Here’s some bad news for name-brand CPG marketing teams: You are losing to the generics. PG reports on the growth of private labels and found as recently as this quarter that consumers are buying these alternatives more than ever before. Attitudes have shifted to the generics, and these trends stretch across demographics, marking 2020 as a challenging year for CPG marketing of traditional brands.
How can traditional CPG brands compete with their private label competitors?
CPG Marketing and the Private Label
A third quarter report on consumer trends shows brands are losing to generics by more than two to one. It seems consumers have shifted their viewpoint of off label brands; the study indicated 99.9% of shoppers purchase generics. That’s equal to more than 124 million American households buying off label products this year. This is a particularly strong trend among Millennials, who recently surpassed Baby Boomers as the predominant consumer population.

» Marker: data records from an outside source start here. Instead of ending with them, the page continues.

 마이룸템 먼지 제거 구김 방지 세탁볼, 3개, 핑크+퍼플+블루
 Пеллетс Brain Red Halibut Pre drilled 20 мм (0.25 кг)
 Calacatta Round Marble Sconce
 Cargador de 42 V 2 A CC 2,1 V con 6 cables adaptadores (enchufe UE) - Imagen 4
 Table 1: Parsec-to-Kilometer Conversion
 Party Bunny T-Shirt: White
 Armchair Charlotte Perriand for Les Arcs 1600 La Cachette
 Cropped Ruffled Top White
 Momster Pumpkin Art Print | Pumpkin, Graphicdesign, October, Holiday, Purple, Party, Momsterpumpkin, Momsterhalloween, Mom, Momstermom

Interestingly, these trends are impacting CPG marketing at a time when the economy is relatively stable. The study showed 57% of participants felt their household income was in decent shape. It also shared that not only are shoppers buying more private label products; they are actually influenced to shop in a store that offers them; 67% of survey participants say they pick the store based on their private label selection.
This news leaves brand names worried that sales will decline in 2020. How can brand names compete with their own industry disruptor, the private label brand?

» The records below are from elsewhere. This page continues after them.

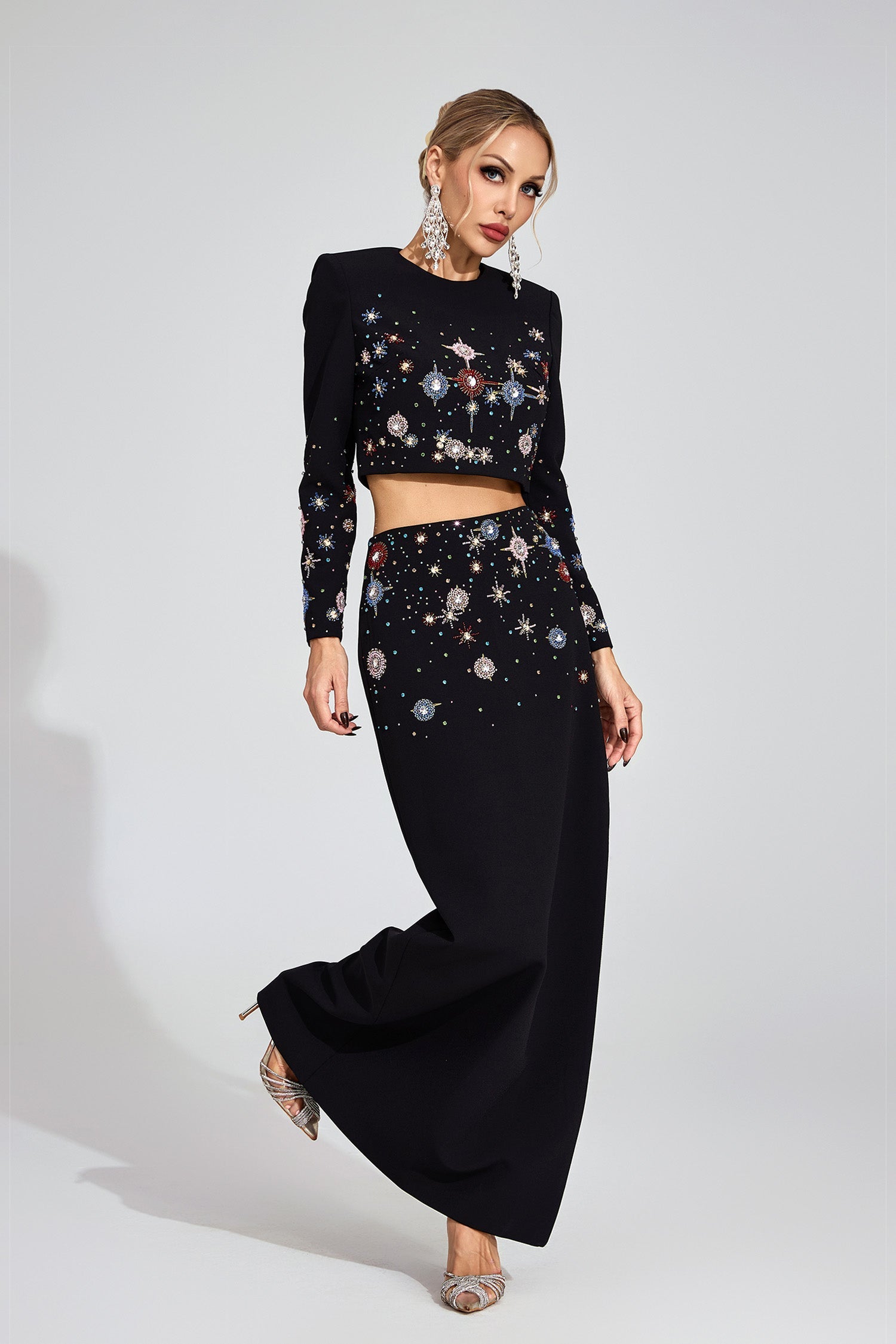 Stellar Luxe 2-Piece Gown
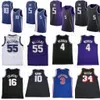 5 de Aaron Fox 10 Domantas Sabonis City Basketball Jersey Jersey Jersey Drazen Petrovic Chris Webber Mike Bibby Jason Williams Peja Stojakovic 34 Ray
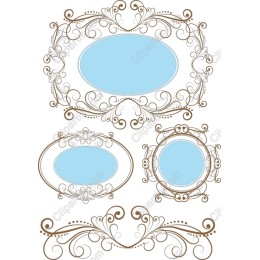 Elegant Ornate Frames Set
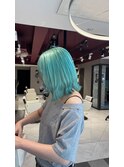 爽やかミントグリーンボブ☆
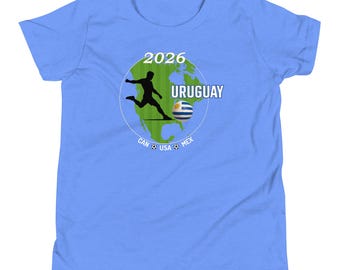 Uruguay voetbalshirt 2026 jeugd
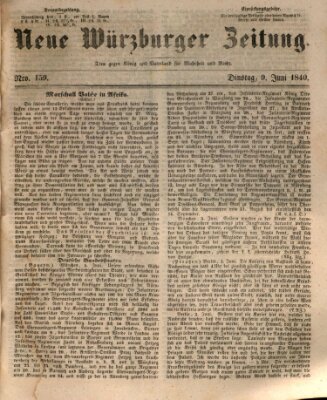 Neue Würzburger Zeitung Dienstag 9. Juni 1840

Competing with Private Labels
Low price but high-quality food is suddenly in vogue after years of being viewed suspiciously by consumers. Observa gives us a history lesson on the phenomenon, “When stores created these cheaper private labels, consumers started to trust the consistency of the store brand.”
But the world has changed, with Costco, Whole Foods, and Trader Joe’s stepping up to move their private labels into the mainstream. How can brand names fight back? A few suggestions include:
Constantly innovate with changes to CPG packaging that reflect consumer trends, including edible, transparent, or biodegradable packaging.

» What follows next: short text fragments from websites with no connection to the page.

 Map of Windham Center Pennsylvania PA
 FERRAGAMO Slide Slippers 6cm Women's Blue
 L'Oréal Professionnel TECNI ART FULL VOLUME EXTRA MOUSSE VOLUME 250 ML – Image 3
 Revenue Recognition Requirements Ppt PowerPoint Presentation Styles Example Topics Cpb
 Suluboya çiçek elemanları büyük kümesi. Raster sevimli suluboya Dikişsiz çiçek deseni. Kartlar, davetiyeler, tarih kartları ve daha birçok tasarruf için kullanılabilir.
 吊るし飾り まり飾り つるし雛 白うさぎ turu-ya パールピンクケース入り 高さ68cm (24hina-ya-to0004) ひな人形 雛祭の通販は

Innovate product offerings, including flavor-specific trends that consumers are simply “into” this year.
Focus on maintaining current customers by using smart marketing to build brand loyalty.
Increase efforts to bring on new consumers by creating fresh products and increasing in-store attention getters. 76% of consumer decisions are made in-store, which means investing in product displays, sampling, or other innovations will bring in more buyers.
Infiltrate the right locations. Some of the success of off label products is attributable to business storefront loyalty and not just the fact that generics are cheaper than the alternative. Make sure your brands are right next to the generic products in the right stores, with an attractive price point and innovative feature benefits.
It’s clear that private label brands have come a long way and have even surpassed traditional brand names at the cash register. How traditional brand managers will move to compete for this competitive market remains to be seen. But this issue is sure to remain a compelling strategic imperative for CPG marketing in the near future.